Best way to import some text with metadata?

Hi!

I have a bunch of plain-text news articles from LexisNexis. I have an R script that will let me read them in as data, so then I can export them - and all related metadata like author, etc - into whatever format I want.

I’m trying to figure out the best way to format these files to get them into Devonthink because I greatly want to take advantage DevonThinks file tools to highlight and track whatever I think is interesting.

I’ve only had DevonThink for a few months and I’m not sure where to get started here. I don’t know a lick of AppleScript or JavaScript, but I did see smart rules and you can search for text inside? Could I format the text file with value:key pairs for easy metadata filling?

Any help - links to resources or whatever would be helpful. I have searched the forum some, and all signs really point to me learning AppleScript, but I also want to get started on this project while I learn it -so thank you all in advance.

In a markdown file (which is essentially a clear text file): yes. Consult the Multimarkdown documentation for the details.

If you’ve done programming in R, JavaScript should not be too challenging, I think.

1 Like

I formatted my markdown documents with some yaml metadata - which is basically just key/value pairs with three dashes up top, three on the bottom.

Like this.

---
title: "Withholding weddings"
source: "Coshocton Tribune"
author: "By, Jessie Balmert"
date: 2015-08-08
word_count: 446 words
---

Here is my rule.

It looks like the date works okay since there are actually two in the document.
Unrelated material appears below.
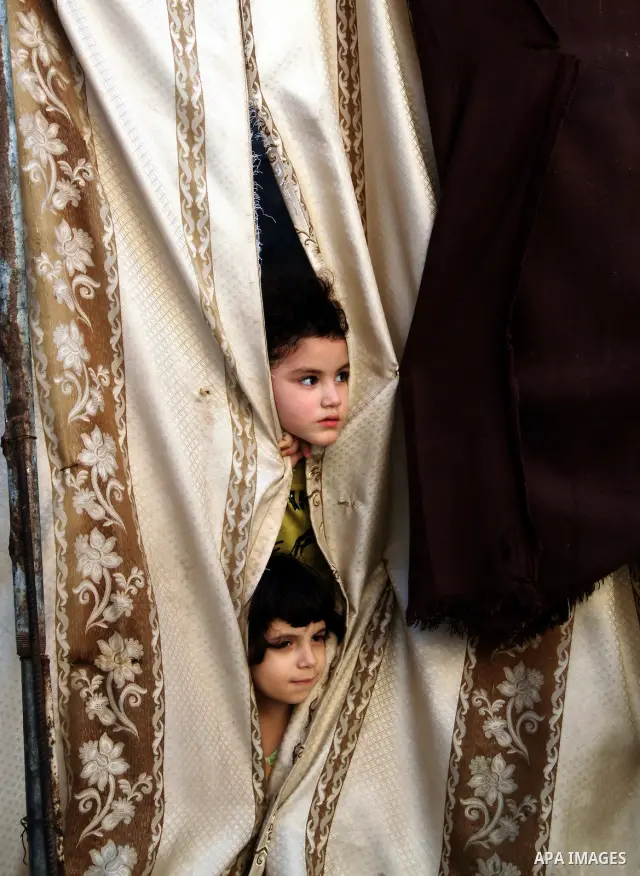 Palestinian children play in front of their house in the Jabaliya refugee camp in the northern area of the Gaza Strip on June 20, 2011. Reports state that the Islamic militant group Hamas is weighing a new strategy of no...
But there’s nothing in the company field, which should come from the "source: " area of the markdown doc. Dates fine, company is blank.

Can anyone give it a once over? Thank you!

How exactly should it come from there? You use source to set the “Author” field, but you do nothing (at least not that I can see) to set the company field. DT might provide some AI, but I doubt that it goes this far.

That’s fair, I had the wrong field selected. So I fixed it, and nothing shows in company still after running the rule. I’m curious if I’m getting the concept right, because it’s not working and I’m not sure what I’m doing wrong other than confusing posting.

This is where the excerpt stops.